--- The records Enclosed Below ---

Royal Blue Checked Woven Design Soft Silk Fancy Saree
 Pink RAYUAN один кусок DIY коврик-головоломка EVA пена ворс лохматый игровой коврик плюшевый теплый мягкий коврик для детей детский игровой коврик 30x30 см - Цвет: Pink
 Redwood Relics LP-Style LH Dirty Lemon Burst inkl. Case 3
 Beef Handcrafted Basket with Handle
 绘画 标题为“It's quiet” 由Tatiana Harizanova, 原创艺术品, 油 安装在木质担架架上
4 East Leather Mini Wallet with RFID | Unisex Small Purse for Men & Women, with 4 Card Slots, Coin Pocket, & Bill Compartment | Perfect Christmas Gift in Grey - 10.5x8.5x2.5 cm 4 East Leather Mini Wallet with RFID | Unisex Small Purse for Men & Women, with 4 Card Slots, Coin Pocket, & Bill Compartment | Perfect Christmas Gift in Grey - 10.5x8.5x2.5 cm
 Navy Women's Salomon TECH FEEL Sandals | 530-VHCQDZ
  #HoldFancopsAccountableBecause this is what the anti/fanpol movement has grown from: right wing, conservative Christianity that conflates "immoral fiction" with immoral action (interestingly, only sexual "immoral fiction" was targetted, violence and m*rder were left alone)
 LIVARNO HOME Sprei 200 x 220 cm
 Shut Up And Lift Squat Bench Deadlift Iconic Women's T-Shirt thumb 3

--- End of Enclosed The records ---

Task to complete: Which lines in the listing above hold the word "with"? Show each of them.

Answer below:
 Beef Handcrafted Basket with Handle
4 East Leather Mini Wallet with RFID | Unisex Small Purse for Men & Women, with 4 Card Slots, Coin Pocket, & Bill Compartment | Perfect Christmas Gift in Grey - 10.5x8.5x2.5 cm 4 East Leather Mini Wallet with RFID | Unisex Small Purse for Men & Women, with 4 Card Slots, Coin Pocket, & Bill Compartment | Perfect Christmas Gift in Grey - 10.5x8.5x2.5 cm
  #HoldFancopsAccountableBecause this is what the anti/fanpol movement has grown from: right wing, conservative Christianity that conflates "immoral fiction" with immoral action (interestingly, only sexual "immoral fiction" was targetted, violence and m*rder were left alone)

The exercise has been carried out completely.